The Strength It Takes to Stay Gentle
There’s something I’ve been thinking about a lot lately: how kindness can sometimes be mistaken for weakness.
And before anyone takes this the wrong way, this isn’t me bragging or trying to paint myself as some perfect person. I just genuinely believe in leaving people better than I found them. Whether it’s through encouragement, showing up when someone needs me, listening, helping, or simply bringing positive energy into a room — that’s always been who I am.
Kindness has never felt forced for me. It’s a choice I make every single day.
But lately, I’ve noticed something that honestly hurts a little.
Some people stop appreciating kindness once they get used to it.

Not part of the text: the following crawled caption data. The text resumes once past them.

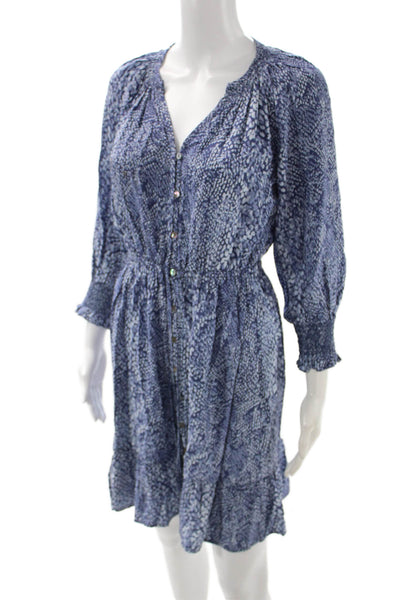 Rails Womens Shirt Dress Blue Animal Print V-Neck 3/4 Sleeve Button Size S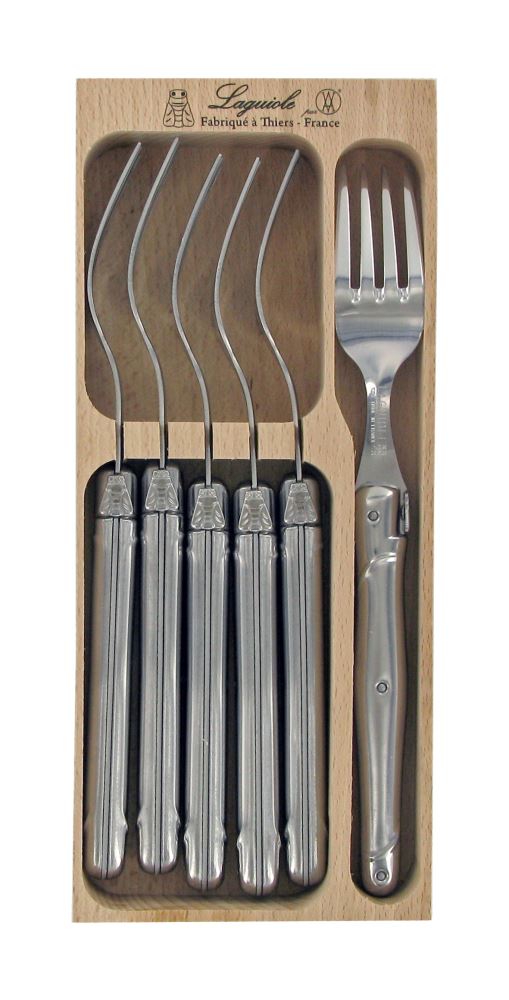 Elegant Verdier Fork Set of 6 in stainless steel, featuring ergonomic handles and Laguiole-inspired design, perfect for any occasion.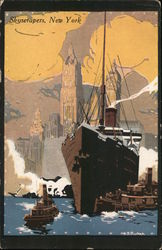 Skyscrapers. New York Is, Above All, The City Of Skyscrapers, Each Trying To Outdo The Other Postcard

What started as generosity slowly becomes expectation. The favor you did out of love becomes something they assume you’ll always do. The support you gave freely becomes something they feel entitled to. And after a while, you start feeling less like a kind person and more like a resource people pull from whenever they need something.
That kind of exhaustion is real.
I think a lot of genuinely kind people struggle with this because we don’t give to receive something back. We give because it’s in our nature. But even the most giving people can become depleted when they’re constantly pouring into others who never pour back.
Thankfully, I do have one person in my life who constantly reminds me why kindness still matters. He’s shown me that giving can actually be one of the most gratifying things in the world when it’s genuine and reciprocal. Through him, I’ve been reminded that kindness really is top tier. There are still people who appreciate softness, effort, thoughtfulness, and love.
But I’d be lying if I said everyone in my life makes me feel that way.
Outside of my immediate and close family, there are some people who make me second guess even talking to them at all. Not because I dislike them, but because every interaction feels draining. Like they only know how to receive and never pour back into anyone else. And after enough experiences like that, you start questioning whether protecting your peace means distancing yourself completely.
I’ve had to remind myself recently that discernment is not the opposite of kindness. Boundaries are not bitterness. Protecting your peace does not make you selfish.
You can still be a loving person and decide everyone doesn’t deserve unlimited access to your energy.
That’s growth.
I also think the world has become so used to hardness that kindness confuses people. Some people genuinely see compassion as weakness because they only understand power through dominance, distance, or self-preservation. But I don’t believe kindness is weak at all.
It takes strength to stay soft in a world that constantly tries to harden you.
It takes discipline to continue choosing grace after disappointment.
And it takes wisdom to know when your kindness is helping someone versus enabling them to drain you.
So if you’ve been feeling emotionally exhausted from always being “the good one,” here are four ways to continue being kind without letting it deplete you:
- Stop confusing access with love.
You can love people deeply and still limit how much access they have to your time, energy, and emotional space. Not everyone deserves the same version of you. - Pay attention to reciprocity.
Relationships won’t always be perfectly equal, but healthy relationships should feel mutual. You shouldn’t always be the one checking in, helping, sacrificing, understanding, or giving grace. - Learn to say no without guilt.
“No” does not cancel out your kindness. In fact, sometimes saying no is the healthiest thing you can do for yourself and the other person. - Keep your heart soft, but your discernment sharp.
Continue being loving. Continue being generous. Continue being you. Just become wiser about where your energy goes. Not everyone deserves front-row access to your goodness.
At the end of the day, I never want life to make me cold. I never want disappointment to turn me into someone who stops caring about people. But I’m learning that kindness works best when it comes from overflow — not exhaustion.
You deserve relationships where your kindness is appreciated, not exploited.
You deserve people who refill you too.
So I’m curious: how do you like to give kindness to others? And what do you do to make sure your kindness doesn’t completely deplete you?
Wow!! I needed to read this. This is something I struggle with very often. And as much as I hate to admit it, I feel like I'm allowing this world to harden me. I find myself upset with ME because "why did I give my positive energy when they don't appreciate it" or "I should have just ignored that message/interaction" When it's in me to be kind, loving, thoughtful, and reassuring. I like to show up for others. I never want to leave people feeling like "here's another person who didn't have my back". So I do, give, and reassure whenever I see a person in need. I'm still working on figuring out how to not let it deplete me because I genuinely love to be the go to person.
ReplyDeleteI love being the go to person as well, but who do you go to? Keep being giving, but learn to be selective. I have to constantly remind myself that. Not everyone deserves that gift you give.